Le Fils de Saul

Le Fils de Saul László Nemes / 2015

Octobre 1944, Auschwitz-Birkenau. Saul, un Sonderkommando, reconnaît les traits de son fils sur le cadavre d’un garçon. Il décide alors d’accomplir l’impossible : sauver le corps de l’enfant des flammes, pour lui offrir une véritable sépulture.

Légers spoilers.

Le texte de Rivette est devenu une doxa. Jadis, le travelling de Kapo offrit à la théorie une formidable boîte à outil pour questionner les films, et ramener leur mise en scène à ses responsabilités. Mais des années d’usure, et une génération de premiers de la classe besogneux, ont transformé cette éthique en morale : le questionnement perpétuel se mua en interdits de principe, et un doute légitime (« peut-on faire ce travelling ? ») vira au bête code de la route. La Shoah n’est aujourd’hui plus ce révélateur, ce point Godwin qui atteste des problèmes de regard inhérents à n’importe quel film : elle est devenue un territoire à part, pour lequel on vérifie soudain les papiers du cinéaste.

C’est dans ce contexte foireux qu’arrive Le Fils du Saul, accusé ci-et-là d’être un jeu vidéo.

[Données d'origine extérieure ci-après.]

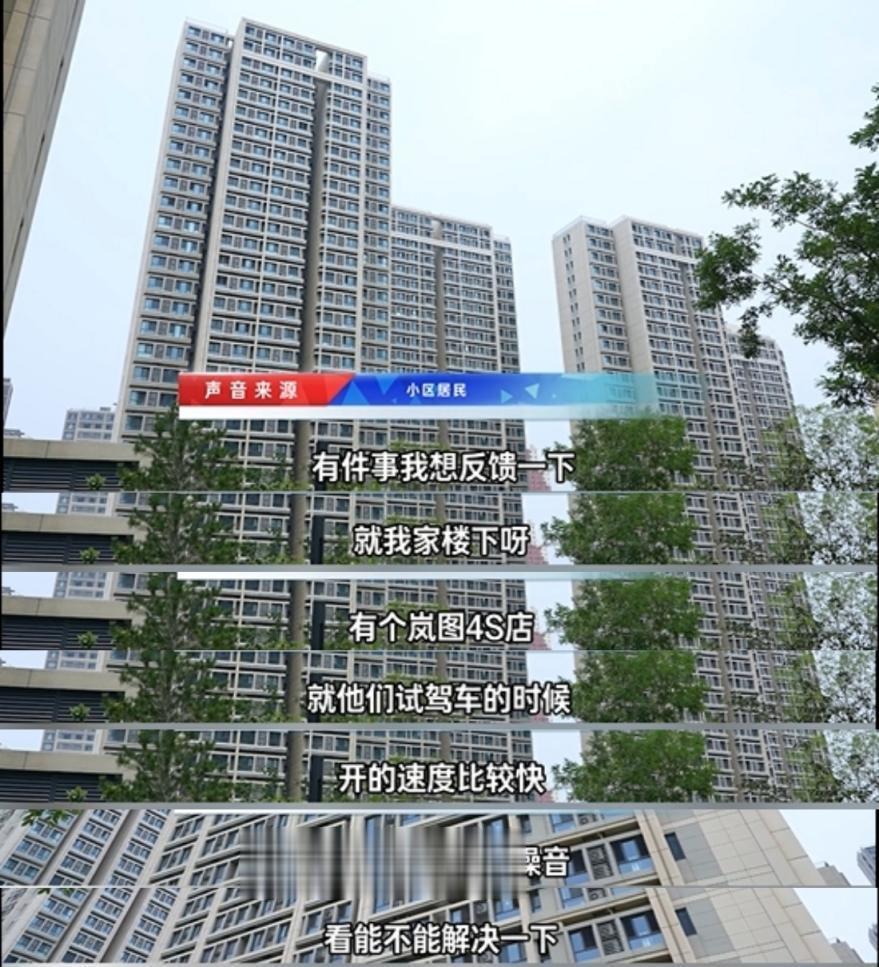 试驾“超跑声浪”惊动居民？岚图FREE+岚擎模式未上市先陷“风波”

“轰...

On suppose que c’est le FPS qui est ici désigné ; c’en est pourtant l’exacte antithèse. Car si Nemes propose une expérience de la Shoah, ce n’est pas au sens où on l’entend : le chaos d’informations qui happe dès l’ouverture (ce bain incertain de cris et de mouvements) dit d’abord le renfermement du personnage en lui-même, la perception d’un homme clos à l’enfer qui l’entoure. L’emballement du hors-champ fait alors moins spectacle qu’il n’appuie l’insensibilité d’un visage verrouillé, renfrogné et tête baissée, sans réaction apparente à l’horreur. Saul a fait le choix de plonger en lui pour survivre : toute sensorielle qu’elle soit, la mise en scène joue moins au simulateur de vol qu’elle ne narre cette fermeture au monde.

Evidemment, il plane sur le film un soupçon de roublardise : peu ou mal montrer, c’est aussi exciter l’imagination. Mais passée l’ouverture, dont on peut effectivement discuter le goût (hors-champ sonore édifiant, à l’arrivée savamment ménagée), ce supposé « film-montagnes-russes » frappe surtout par son détachement émotionnel, par la circulation constante de prisonniers indissociables, interchangeables, et par l’obstination à d’abord pointer dans la Shoah son terrifiant prosaïsme, son labeur quotidien d’usine ramenant sans cesse le récit (et son personnage) aux impératifs d’une cadence de travail. À l’exception d’une scène nocturne aux accents infernaux, la sobre clarté de film, qui refuse de se complaire dans les puissances de l’imagerie (il n’est pas fait mystère de ce qu’on voit mal), enraye le voyeurisme plus qu’elle ne l’encourage.

Reste néanmoins une question : si le dispositif est impeccable, que produit-il ? Qu’est-ce qui, d’un point A à un point B, a changé pour Saul et son spectateur ? Ce que formalise le film, c’est une idée fixe : « l’incohérence Saul » traverse une série de situations dramatiquement importantes (une fusillade, une révolte) sans pourtant dévier de son étrange obsession, et le film avec lui. Le monde externe n’ayant plus aucun sens (formes indistinctes, bruits épars), il ne reste que l’abstraction d’une mission tombée du ciel, seule véritable histoire que s’autorise le film : un reste errant d’humanité a élu Saul comme un parasite élit son hôte, l’extirpant du flou premier pour courir un temps en lui (le faisant agir de manière absurde, mettant sa vie en danger), et le quittant comme on passe le relais, précieux code secret transmis à la suite du siècle, fuyant avec l’enfant dans le mystère de la forêt.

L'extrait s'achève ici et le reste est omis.